= Beginning of Section =

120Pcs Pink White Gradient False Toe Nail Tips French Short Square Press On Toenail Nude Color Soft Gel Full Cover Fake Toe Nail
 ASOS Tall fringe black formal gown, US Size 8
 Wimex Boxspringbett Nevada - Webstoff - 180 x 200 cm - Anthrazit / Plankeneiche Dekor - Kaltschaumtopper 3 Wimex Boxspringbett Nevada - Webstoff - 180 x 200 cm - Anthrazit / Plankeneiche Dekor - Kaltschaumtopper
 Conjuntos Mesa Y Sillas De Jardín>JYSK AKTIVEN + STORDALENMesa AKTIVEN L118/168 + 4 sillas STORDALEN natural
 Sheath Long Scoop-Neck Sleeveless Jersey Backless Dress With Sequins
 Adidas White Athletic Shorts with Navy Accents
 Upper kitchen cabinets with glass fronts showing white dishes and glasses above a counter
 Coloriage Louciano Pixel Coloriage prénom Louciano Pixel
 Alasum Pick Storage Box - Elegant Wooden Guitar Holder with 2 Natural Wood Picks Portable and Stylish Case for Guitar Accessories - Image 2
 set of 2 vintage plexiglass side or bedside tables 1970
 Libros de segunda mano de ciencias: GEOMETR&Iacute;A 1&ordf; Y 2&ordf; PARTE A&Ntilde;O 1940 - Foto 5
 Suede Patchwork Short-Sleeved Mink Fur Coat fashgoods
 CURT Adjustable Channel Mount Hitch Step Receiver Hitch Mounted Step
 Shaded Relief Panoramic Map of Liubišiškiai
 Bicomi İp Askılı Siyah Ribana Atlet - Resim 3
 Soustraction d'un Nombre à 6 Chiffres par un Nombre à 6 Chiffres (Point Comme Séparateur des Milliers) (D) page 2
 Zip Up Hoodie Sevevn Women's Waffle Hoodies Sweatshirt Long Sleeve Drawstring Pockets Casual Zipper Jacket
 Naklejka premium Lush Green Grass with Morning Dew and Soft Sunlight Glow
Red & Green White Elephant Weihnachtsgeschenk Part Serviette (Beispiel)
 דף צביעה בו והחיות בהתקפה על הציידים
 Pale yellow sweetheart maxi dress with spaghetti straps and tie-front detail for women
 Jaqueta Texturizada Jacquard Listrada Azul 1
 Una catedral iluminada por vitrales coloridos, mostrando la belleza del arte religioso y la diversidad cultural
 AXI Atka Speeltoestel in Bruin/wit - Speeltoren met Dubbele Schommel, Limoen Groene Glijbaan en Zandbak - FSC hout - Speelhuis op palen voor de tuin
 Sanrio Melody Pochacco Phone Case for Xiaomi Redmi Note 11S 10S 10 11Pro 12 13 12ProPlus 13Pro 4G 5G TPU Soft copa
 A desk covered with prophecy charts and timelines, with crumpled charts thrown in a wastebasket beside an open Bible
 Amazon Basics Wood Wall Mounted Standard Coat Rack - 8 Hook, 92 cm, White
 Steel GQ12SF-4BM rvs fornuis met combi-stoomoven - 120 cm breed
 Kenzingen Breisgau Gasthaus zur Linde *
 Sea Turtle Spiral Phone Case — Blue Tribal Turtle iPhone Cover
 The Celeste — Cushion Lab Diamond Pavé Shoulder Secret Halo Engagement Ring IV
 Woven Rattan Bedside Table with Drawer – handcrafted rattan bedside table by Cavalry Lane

= End of Section =

* [Task item]: Copy out every record exactly; leave nothing out.

* [Answer to this task]:
120Pcs Pink White Gradient False Toe Nail Tips French Short Square Press On Toenail Nude Color Soft Gel Full Cover Fake Toe Nail
 ASOS Tall fringe black formal gown, US Size 8
 Wimex Boxspringbett Nevada - Webstoff - 180 x 200 cm - Anthrazit / Plankeneiche Dekor - Kaltschaumtopper 3 Wimex Boxspringbett Nevada - Webstoff - 180 x 200 cm - Anthrazit / Plankeneiche Dekor - Kaltschaumtopper
 Conjuntos Mesa Y Sillas De Jardín>JYSK AKTIVEN + STORDALENMesa AKTIVEN L118/168 + 4 sillas STORDALEN natural
 Sheath Long Scoop-Neck Sleeveless Jersey Backless Dress With Sequins
 Adidas White Athletic Shorts with Navy Accents
 Upper kitchen cabinets with glass fronts showing white dishes and glasses above a counter
 Coloriage Louciano Pixel Coloriage prénom Louciano Pixel
 Alasum Pick Storage Box - Elegant Wooden Guitar Holder with 2 Natural Wood Picks Portable and Stylish Case for Guitar Accessories - Image 2
 set of 2 vintage plexiglass side or bedside tables 1970
 Libros de segunda mano de ciencias: GEOMETR&Iacute;A 1&ordf; Y 2&ordf; PARTE A&Ntilde;O 1940 - Foto 5
 Suede Patchwork Short-Sleeved Mink Fur Coat fashgoods
 CURT Adjustable Channel Mount Hitch Step Receiver Hitch Mounted Step
 Shaded Relief Panoramic Map of Liubišiškiai
 Bicomi İp Askılı Siyah Ribana Atlet - Resim 3
 Soustraction d'un Nombre à 6 Chiffres par un Nombre à 6 Chiffres (Point Comme Séparateur des Milliers) (D) page 2
 Zip Up Hoodie Sevevn Women's Waffle Hoodies Sweatshirt Long Sleeve Drawstring Pockets Casual Zipper Jacket
 Naklejka premium Lush Green Grass with Morning Dew and Soft Sunlight Glow
Red & Green White Elephant Weihnachtsgeschenk Part Serviette (Beispiel)
 דף צביעה בו והחיות בהתקפה על הציידים
 Pale yellow sweetheart maxi dress with spaghetti straps and tie-front detail for women
 Jaqueta Texturizada Jacquard Listrada Azul 1
 Una catedral iluminada por vitrales coloridos, mostrando la belleza del arte religioso y la diversidad cultural
 AXI Atka Speeltoestel in Bruin/wit - Speeltoren met Dubbele Schommel, Limoen Groene Glijbaan en Zandbak - FSC hout - Speelhuis op palen voor de tuin
 Sanrio Melody Pochacco Phone Case for Xiaomi Redmi Note 11S 10S 10 11Pro 12 13 12ProPlus 13Pro 4G 5G TPU Soft copa
 A desk covered with prophecy charts and timelines, with crumpled charts thrown in a wastebasket beside an open Bible
 Amazon Basics Wood Wall Mounted Standard Coat Rack - 8 Hook, 92 cm, White
 Steel GQ12SF-4BM rvs fornuis met combi-stoomoven - 120 cm breed
 Kenzingen Breisgau Gasthaus zur Linde *
 Sea Turtle Spiral Phone Case — Blue Tribal Turtle iPhone Cover
 The Celeste — Cushion Lab Diamond Pavé Shoulder Secret Halo Engagement Ring IV
 Woven Rattan Bedside Table with Drawer – handcrafted rattan bedside table by Cavalry Lane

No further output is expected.